Week 2 May 2015: No rain this week.

Planting continued this week with 27 plants finding homes in the garden north of the house just across our road. This garden now contains over 150 plants. The first planting took place around Christmas 2015. Most plants are doing very well. We are following our usual method and placing three plants in the one hole. The only exception is when purchased plants, in a 14 centimetre pots, are planted. They are planted by themselves.

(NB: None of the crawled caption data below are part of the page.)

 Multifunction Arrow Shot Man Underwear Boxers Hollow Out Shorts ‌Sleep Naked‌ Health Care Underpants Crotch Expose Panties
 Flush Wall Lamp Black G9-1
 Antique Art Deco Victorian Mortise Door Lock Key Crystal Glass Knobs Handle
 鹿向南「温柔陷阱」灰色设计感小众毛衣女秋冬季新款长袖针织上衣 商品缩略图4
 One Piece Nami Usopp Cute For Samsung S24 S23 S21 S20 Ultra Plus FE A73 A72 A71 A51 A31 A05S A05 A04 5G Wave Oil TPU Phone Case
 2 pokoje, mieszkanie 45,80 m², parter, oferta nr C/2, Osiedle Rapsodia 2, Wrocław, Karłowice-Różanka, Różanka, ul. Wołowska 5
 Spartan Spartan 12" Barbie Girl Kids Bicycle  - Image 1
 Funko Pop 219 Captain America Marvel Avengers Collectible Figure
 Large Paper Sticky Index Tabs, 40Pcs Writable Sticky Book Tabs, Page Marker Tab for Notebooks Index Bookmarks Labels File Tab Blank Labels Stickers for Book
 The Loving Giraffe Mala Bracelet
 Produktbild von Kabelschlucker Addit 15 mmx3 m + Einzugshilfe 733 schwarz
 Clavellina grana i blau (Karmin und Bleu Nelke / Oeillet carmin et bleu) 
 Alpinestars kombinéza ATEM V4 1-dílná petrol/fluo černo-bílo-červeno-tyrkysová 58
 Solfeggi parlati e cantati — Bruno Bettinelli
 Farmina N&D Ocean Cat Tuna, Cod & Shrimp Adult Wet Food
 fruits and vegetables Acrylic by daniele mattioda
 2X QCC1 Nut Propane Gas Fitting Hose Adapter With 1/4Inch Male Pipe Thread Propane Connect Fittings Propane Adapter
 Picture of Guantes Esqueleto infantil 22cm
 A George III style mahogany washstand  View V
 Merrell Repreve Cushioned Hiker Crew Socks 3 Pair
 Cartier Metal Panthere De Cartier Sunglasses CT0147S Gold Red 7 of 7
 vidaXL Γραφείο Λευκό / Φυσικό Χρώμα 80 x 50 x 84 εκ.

This weekend we had our three-weekly talkback radio programme. There seems to be a reasonable listening audience for the programme. There are always interesting questions that we try to answer. Sometimes successfully and other times we have to refer either to the internet or our library for answers. These tricky inquiries are held over until our next programme when with any sort of luck we will have an answer.

The cold weather has arrived and every night we are lighting our wood heater. We have some wood, that we cut, left over from last winter but shortly we will have to cut some more. Fortunately there is plenty of timber around that is suitable for firewood. Previous owners ring-barked (killed) a number of eucalypts and over time these trees have fallen. It does not take long to cut up a winter’s worth of firewood.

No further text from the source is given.